Conference: AAAI 2026 arXiv: 2602.09216 Code: None (custom deployment based on the Project Sidewalk platform) Area: Multimodal VLM Keywords: Accessibility mapping, VLM-assisted annotation, sidewalk accessibility, POI analysis, human-AI collaboration

TL;DR

This paper adapts the Project Sidewalk accessibility annotation platform to Chandigarh, India, through customized interface labels, VLM-driven task guidance (Gemini 2.5 Flash), and a POI-centric analysis framework. Approximately 40 km of sidewalks are audited across three regions of distinct land use, identifying 1,644 locations where accessibility improvements can be made.

Background & Motivation

State of the Field

Urban accessibility is a core principle of the UN New Urban Agenda. Project Sidewalk is a web-based crowdsourcing platform that allows users to annotate sidewalk accessibility issues by virtually walking through Google Street View. The platform has been deployed in 44 cities worldwide, with over 10,000 users generating 1.4 million annotations covering 26,000 km of urban streets. However, existing deployments are concentrated predominantly in the United States and Europe.

Limitations of Prior Work

Difficulty of geographic adaptation: Sidewalk conditions in Indian cities differ fundamentally from those in Western contexts—pedestrians frequently walk in shared lanes, informal shoulders, or discontinuous pathways; curb ramps are rare; drainage ditches, parked two-wheelers, and street vendors routinely occupy pedestrian space. Applying the American label taxonomy (e.g., "Curb Ramp") and its example images directly to Indian scenes causes annotator confusion.

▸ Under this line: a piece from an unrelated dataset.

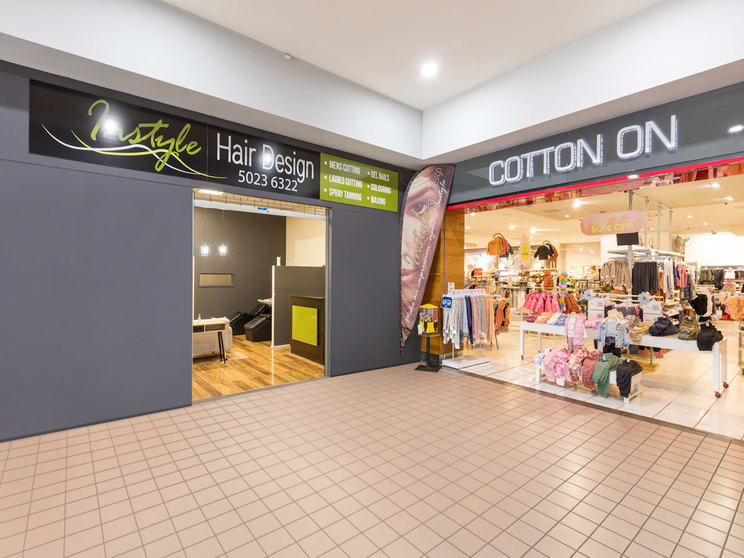 Click to view all images 12/141 Eighth Street Mildura VIC 3500 - Image 1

High cognitive burden for annotators: Novice annotators struggle to determine which labels to apply when confronted with streets lacking formal sidewalks or visually ambiguous walking surfaces.

Lack of a prioritization framework: Given India's vast scale and population, an effective prioritization framework is needed to identify accessibility gaps—rather than treating all infrastructure equally, focus should be placed on accessibility around key Points of Interest (POIs).

Starting Point

The paper addresses these issues at two levels: (1) the tooling level—reducing annotation ambiguity and cognitive load through interface redesign and VLM-assisted guidance; and (2) the analytical framework level—providing targeted improvement recommendations through a POI-centric accessibility analysis rather than a simple exhaustive audit.

Method

Overall Architecture

The workflow consists of four steps: (a) selecting representative regions based on population distribution and land use; (b) extracting OSM road types and leading/trailing Google Street View panoramas for each street segment; (c) generating targeted task guidance via a VLM; and (d) having human annotators perform labeling using the adapted Project Sidewalk interface.

Key Designs

1. Interface Redesign and Label Localization

  • Function: Fully adapts Project Sidewalk's label taxonomy, labels, and example images to the Indian context.
  • Core changes:
    • "Curb Ramp" → "Curb Style": The American curb ramp label presupposes standardized design, whereas India features highly diverse curb transitions (formal ramps, steps, broken curbs, drainage gaps, etc.). The label is redefined to describe how pedestrian paths transition to the carriageway.
    • New labels added: Parked cars, carts, drainage infrastructure, electrical boxes, and other India-specific obstacles.
    • Labels removed: Fire hydrants, mailboxes, recycling bins, and other elements rarely encountered in India.
    • Severity example replacement: Example images in all hover tooltips are replaced with Chandigarh street-view photographs.
    • No Sidewalk label refinement: A distinction is drawn between "no pedestrian space at all" and "space exists but is rendered unusable by clutter or encroachment."
  • Design Motivation: Directly applying the American label system causes annotator confusion—the very concept of a "curb ramp" is inapplicable in India, where curb transitions are far more diverse than in the US.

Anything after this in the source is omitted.